If your company is like most, sometime around late November you realize you need to complete your organization’s compliance training.
Thus begins a mad scramble to assign training, double check that you haven’t missed anything, and follow up with your employees to make sure everything gets done in time.
Every year, you recognize that there has to be a better way, and you take an oath to make sure that compliance is caught up before December rolls around next year.
If this sounds like your situation, you’re not alone. Compliance training isn’t the most fun task – we get it. Here’s an actual tweet from an employee at one of the organizations that uses BizLibrary’s compliance training content:
We can certainly sympathize. Every regulation a company must follow is designed to have a positive impact, be it making a process safer or protecting a consumer.
Sometimes that makes processes more complicated in the short term while having great long-term benefits, but it can be very difficult for employees to see it that way. That’s why compliance training is often seen as a nuisance more than a benefit.
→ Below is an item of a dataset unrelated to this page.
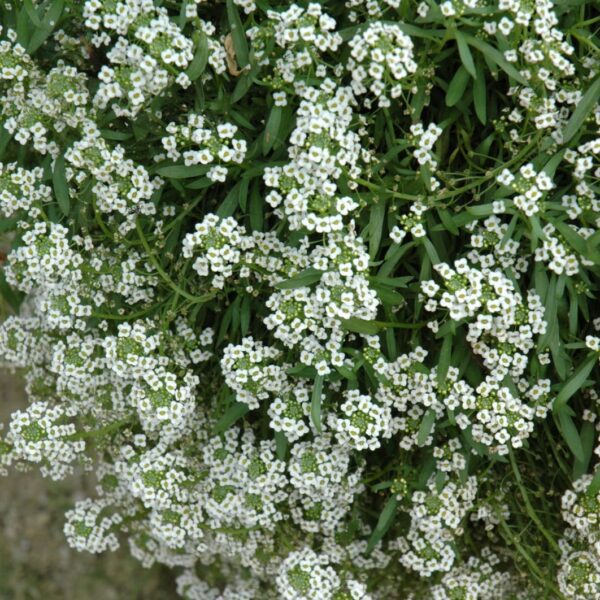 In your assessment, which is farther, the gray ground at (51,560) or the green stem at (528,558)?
the gray ground at (51,560)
To help you change that perspective, here are a few tips to make compliance training a little more manageable on the admin side, and a little more engaging for employees.
Disengagement Is Uncomfortable
In a recent podcast episode about culture, guest Jim Gilkey recounted a story about how he helped instill a learning culture in an organization.
Each week, teams gathered and individual members listed off a few things they had learned in the previous week. It became culturally uncomfortable, Jim said, not to have something to share.
To avoid this social discomfort, employees went out of their way to make sure they were learning something valuable each week.
This principle can be applied to compliance training, as well. Unsafe, unapproved practices are taboo in an organization that values compliance.
Training is Still Not an Event
A particularly well-known and popular phrase, especially in L&D circles, is that training is not an event. In other words, training and development is an ongoing process that doesn’t stop when a classroom session is completed or a video is watched from start to finish.
Rather, training is an ongoing series of learning, reinforcement, application, and feedback that leads do a desired outcome, usually a behavior change or improvement in skill.
This approach is popular in most training programs, yet rarely considered in compliance training. Treating compliance as an ongoing process can transform your company culture, and make compliance a valuable part of your company’s everyday operations.
Compliance Improves the Workplace
Your leaders, managers, and individual contributors all work hard. Every day, organizations work together to find ways to increase revenue, decrease expenses, and create a more productive, engaging workplace.
All of that can be undone by a few disrespectful employees.
According to the EEOC, in 2018, there were 7,609 sexual harassment cases filed, costing companies $56.6 million. That amounts to an average settlement of $74,385. That’s a huge expense, and only includes sexual harassment cases.
When you factor in discrimination, wrongful termination, and workplace safety claims, disregarding the importance of compliance can become quite expensive.
We understand that compliance training isn’t always thrilling. It may not lead to an immediate return on investment, or feel like there ever will be one.
But focusing on compliance can revolutionize your company culture, create a safer, more efficient workplace, and ultimately save your company from costly fines and lawsuits.